MATERIAL SHOWN Start Marker
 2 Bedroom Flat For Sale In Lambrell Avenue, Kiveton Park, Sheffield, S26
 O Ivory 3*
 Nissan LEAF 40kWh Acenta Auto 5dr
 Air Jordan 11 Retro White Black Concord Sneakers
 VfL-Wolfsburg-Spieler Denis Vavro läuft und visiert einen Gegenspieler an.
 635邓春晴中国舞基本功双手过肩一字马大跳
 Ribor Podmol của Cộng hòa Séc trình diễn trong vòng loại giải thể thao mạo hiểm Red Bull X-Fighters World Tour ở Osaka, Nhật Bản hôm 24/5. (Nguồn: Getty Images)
MATERIAL SHOWN End Marker
- WHAT TO DO:
Repeat the material, keeping every word exactly as it is.

- SOLUTION FOR THIS TASK:
 2 Bedroom Flat For Sale In Lambrell Avenue, Kiveton Park, Sheffield, S26
 O Ivory 3*
 Nissan LEAF 40kWh Acenta Auto 5dr
 Air Jordan 11 Retro White Black Concord Sneakers
 VfL-Wolfsburg-Spieler Denis Vavro läuft und visiert einen Gegenspieler an.
 635邓春晴中国舞基本功双手过肩一字马大跳
 Ribor Podmol của Cộng hòa Séc trình diễn trong vòng loại giải thể thao mạo hiểm Red Bull X-Fighters World Tour ở Osaka, Nhật Bản hôm 24/5. (Nguồn: Getty Images)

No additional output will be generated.